Over the ensuing decade, pilates was ensconced within the ballet and dance world but was largely ignored by the broader medical community.


That was until 2001 when a Queensland researcher called Professor Paul Hodges and his team published an article outlining the importance of ‘core muscle control’ in people with low back pain.


The pilates community rejoiced,and validation had been achieved. Short courses were established, physiotherapists, osteopaths and more enrolled and pilates was reborn.



4 Professional tips to improve your Pilates practice



1. Pilates posture is NOT important!!


Jo Pilates based his idea of health and posture in being perfectly aligned, similar to the ballet dancers he worked with.


But as we now know this is both unrealistic and unimportant.

How do we know that?


Paralympians are a great example of the implausibility of posture being important.

There are incredible athletes at the Paralympics, they run, jump, sprint, swim and they have postures as wide and varied as is humanly possible.

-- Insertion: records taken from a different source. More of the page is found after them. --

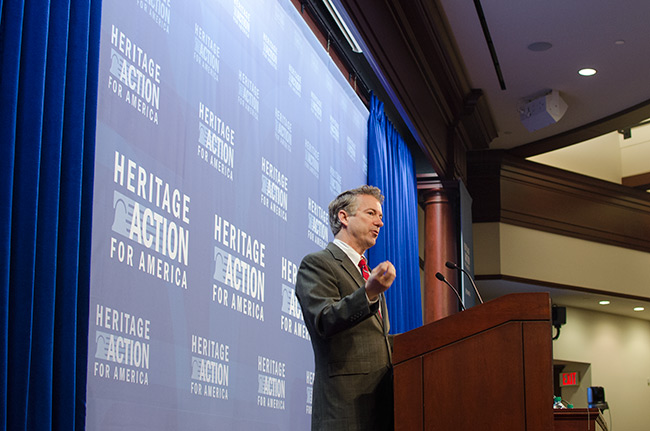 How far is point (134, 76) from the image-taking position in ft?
9.42

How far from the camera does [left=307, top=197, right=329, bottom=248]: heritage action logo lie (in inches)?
177

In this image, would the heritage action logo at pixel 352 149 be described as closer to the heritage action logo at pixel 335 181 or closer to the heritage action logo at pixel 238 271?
the heritage action logo at pixel 335 181

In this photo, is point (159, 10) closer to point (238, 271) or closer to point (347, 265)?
point (238, 271)

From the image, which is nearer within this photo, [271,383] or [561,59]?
[271,383]

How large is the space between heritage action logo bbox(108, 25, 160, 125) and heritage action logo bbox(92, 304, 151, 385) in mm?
762

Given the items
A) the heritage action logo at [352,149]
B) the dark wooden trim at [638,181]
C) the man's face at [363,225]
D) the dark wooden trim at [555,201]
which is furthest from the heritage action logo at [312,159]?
the dark wooden trim at [638,181]

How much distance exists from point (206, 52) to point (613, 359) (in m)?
11.2

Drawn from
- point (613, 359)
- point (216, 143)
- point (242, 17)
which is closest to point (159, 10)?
point (216, 143)

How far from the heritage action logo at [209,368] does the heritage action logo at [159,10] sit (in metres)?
1.23

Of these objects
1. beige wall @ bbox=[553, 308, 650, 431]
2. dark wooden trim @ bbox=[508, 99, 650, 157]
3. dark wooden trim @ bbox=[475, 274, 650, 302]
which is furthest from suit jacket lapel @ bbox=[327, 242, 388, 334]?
beige wall @ bbox=[553, 308, 650, 431]

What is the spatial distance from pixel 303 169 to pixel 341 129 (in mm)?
1005

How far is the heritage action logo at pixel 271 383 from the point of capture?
11.9 ft

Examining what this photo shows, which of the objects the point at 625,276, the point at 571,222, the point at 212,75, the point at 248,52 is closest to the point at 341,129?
the point at 248,52

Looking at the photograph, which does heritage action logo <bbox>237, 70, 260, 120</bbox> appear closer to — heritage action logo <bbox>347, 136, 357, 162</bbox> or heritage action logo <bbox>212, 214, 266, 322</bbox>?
heritage action logo <bbox>212, 214, 266, 322</bbox> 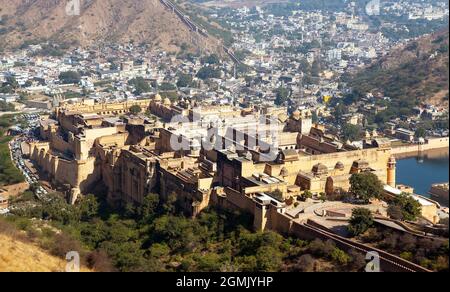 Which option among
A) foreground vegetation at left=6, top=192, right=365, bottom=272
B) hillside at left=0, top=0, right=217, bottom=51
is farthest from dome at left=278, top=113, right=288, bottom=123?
hillside at left=0, top=0, right=217, bottom=51

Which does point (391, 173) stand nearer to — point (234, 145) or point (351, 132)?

And…. they are not all in pain.


Humans evolve individually and they adapt to the positions they are used to and have spent time in.


Most of us have a leg shorter than the other, a slightly twisted spine, a muscle that is bigger on one side when compared to the other.


The important thing with exercise, whether it is pilates or anything else, is that you challenge your body with a mixture of load, stamina and flexibility.

And that if something is sore you do not push it too much.